About 50 years ago his school decided to offer piano lessons. He loved music, even as a young boy, and showed up for the lunchtime meeting that had been called by the new piano teacher. He was the only boy to show in a turn out of eager girls. The teacher asked everyone to sing some scales. When his turn came she told him that ‘he had no musical ability whatsoever. Please forget about ever playing the piano and return to your class room…’  He was so mortified that he didn’t even tell his parents that he had tried out for the piano lessons he wanted so badly. Instead he took to heart the advice of one (bad!!) teacher and gave up on the idea of piano lessons altogether. He dearly loves music even today, he listens to music, but hearing our sons play triggers this memory.

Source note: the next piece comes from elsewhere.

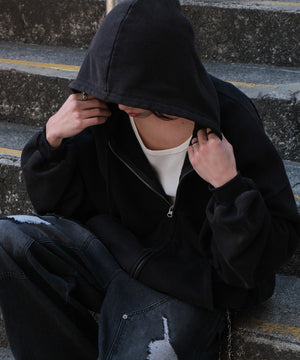 ブラック モデル：175cm L着用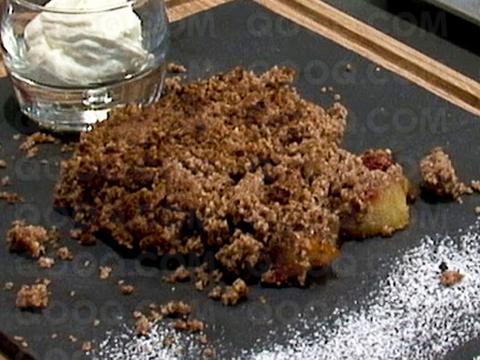 Streusel à la cannelle, pommes caramélisées et framboises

A story like this drives me mad actually! As an art teacher I NEVER say to people: “You can’t paint, forget about this!” For me everyone can find great joy in painting – or music. (I am not a music teacher but I can play four musical instruments). It is about a process of engaging with something that feeds our soul and fills us with joy. In that encounter learning always occurs. Even I will admit that not everyone is destined to be a concert pianist, or professional painter – but we can bring joy and beauty into our lives in every way that speaks to us.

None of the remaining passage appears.